CIVILIANS CHEER AS FIGHTING RAGES AT MANILA MILITARY CAMP
[Reuters]
Published date: 28th Aug 1987
28 August 1987
Reuters News
English
(c) 1987 Reuters Limited
MANILA, Aug 28, Reuter – Buildings blazed and streets shook in Manila today in the capital’s heaviest fighting since World War Two.
“Advance, advance,” civilian spectators shouted to soldiers backing Corazon Aquino as they moved on comrades-in-arms dedicated to overturning the president’s government.
Gunfire cracked and the air vibrated to artillery fire around Camp Aguinaldo, a large military installation held since early this morning by the rebels.
Watched by ragged bands of spectators, helmeted soldiers clutching assault rifles and protected by flak- jackets ducked and weaved among coconut trees in running street battles for control of the installation on the outskirts of the Philippine capital.
Civilian shouts erupted regardless of which side attacked. Crowds of young men and boys followed journalists into the camp behind pro-government troops who fought their way inside with armoured personnel carriers.
“Please move away, we cannot move,” an exasperated pro-government officer told the onlookers.
The assault was followed by a air raid on the estimated 300 rebels holding the camp.
Seven thousand spectators watched the fighting perched on street lamps, on kerbsides, on rooftops and peering down from windows in buildings overlooking the base, dodging or running for cover whenever bullets whistled overhead.
“There is Intense fighting. It looks like street fighting. They look so close to each other,” said a witness watching from the 22nd floor of a nearby building.
“I can hear the sound of recoil-less rifles, M-60 heavy machineguns and some grenade explosions,” he said.
Smoke poured from two buildings in the camp.

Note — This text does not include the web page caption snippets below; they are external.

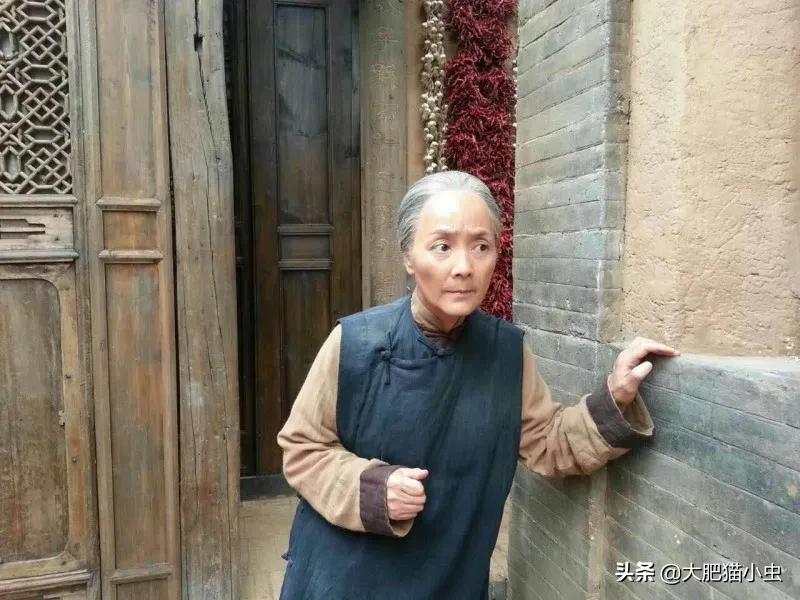 白鹿原白孝文讨饭,白鹿原白孝文原著真实的结局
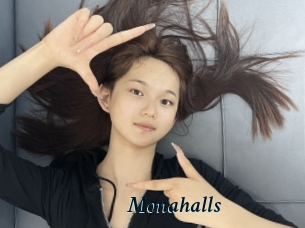 Monahalls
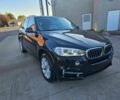 Чорний БМВ Х5, об'ємом двигуна 3 л та пробігом 72 тис. км за 8200 $, фото 1 на Automoto.ua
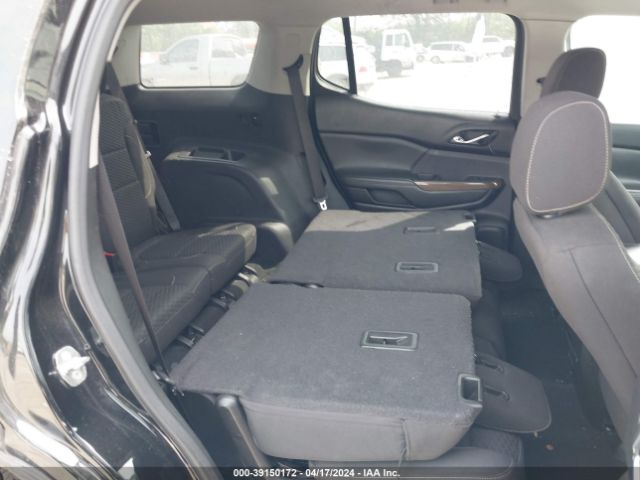 1GKKNKLA6HZ173088 GMC Acadia Sle-1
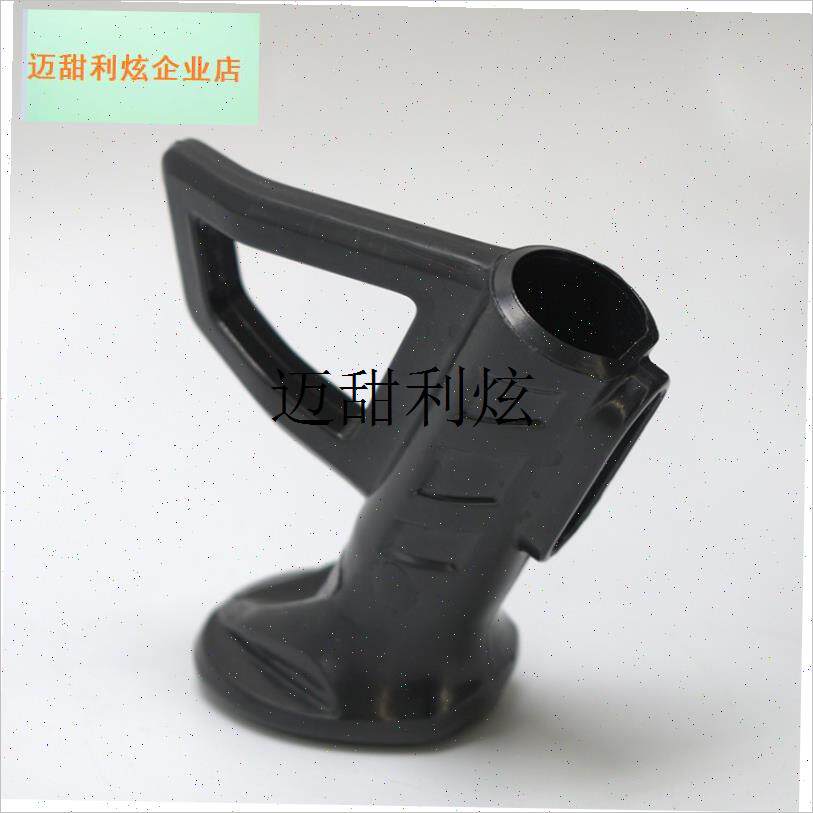 电动车边撑配件踏板电瓶车单撑脚套爱玛台铃雅迪边撑Z塑料套脚垫,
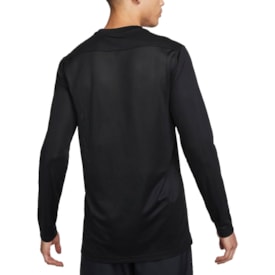Camisa Nike Dry-Fit Masculino Preto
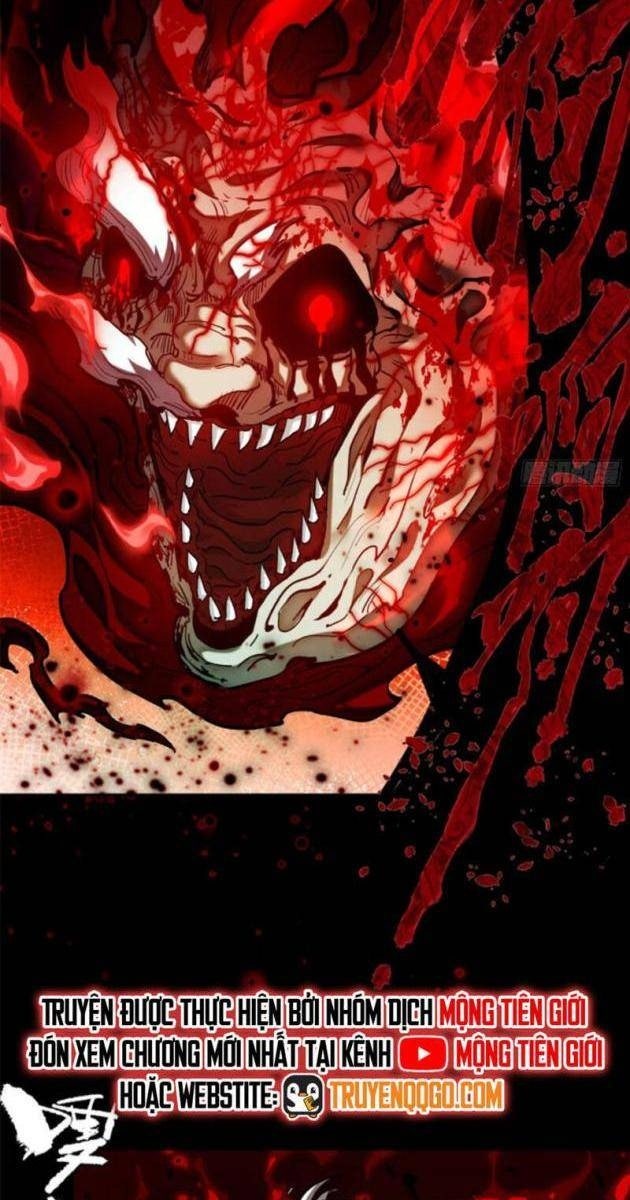 Đạo Quỷ Dị Tiên - Page 5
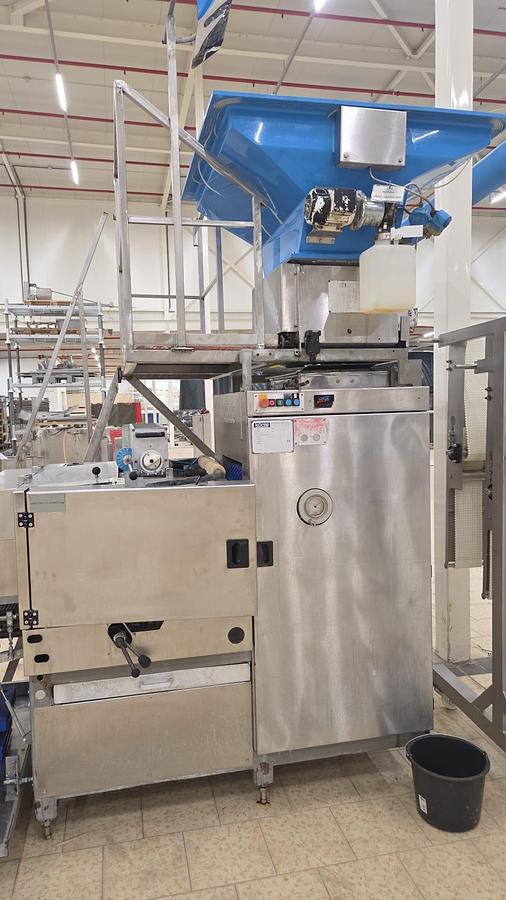 Ricondizionato 2000 König Combi line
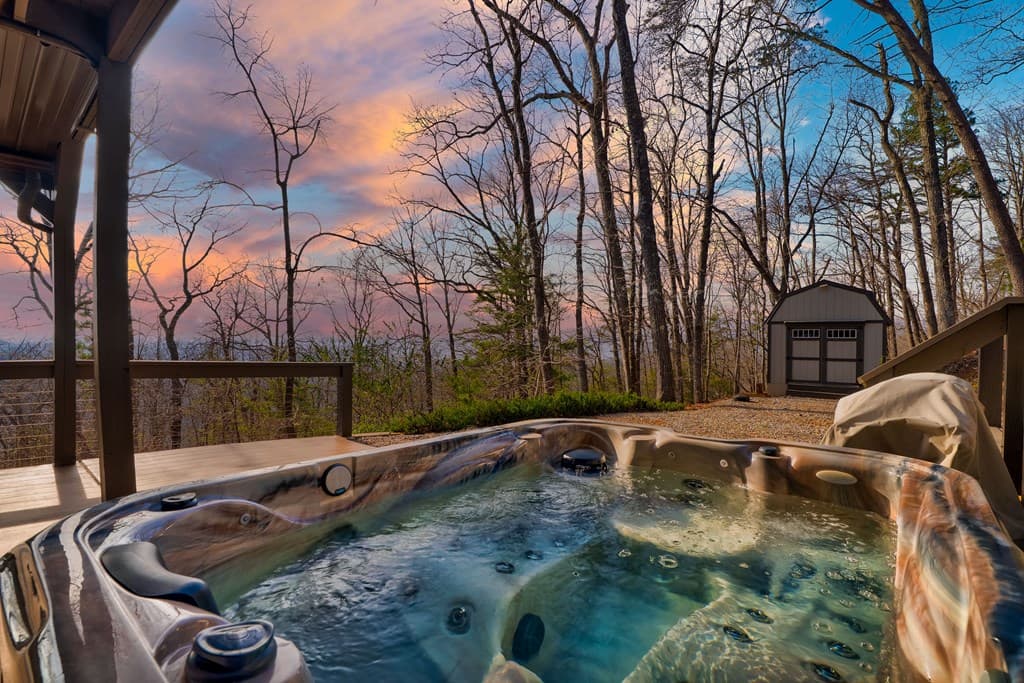 105 Yonah View Drive, Dahlonega GA 30533 - Photo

When fighting flared in the area this morning, people living nearby dashed from their houses clutching suitcases full of belongings, fleeing the area in cars, mini-buses and on bicycles.
The battle raged in the heart of the area where 18 months ago more than a million Filipinos massed to back a military revolt in the “People Power” uprising that boosted Aquino into power and sent strongman Ferdinand Marcos into exile in Hawaii.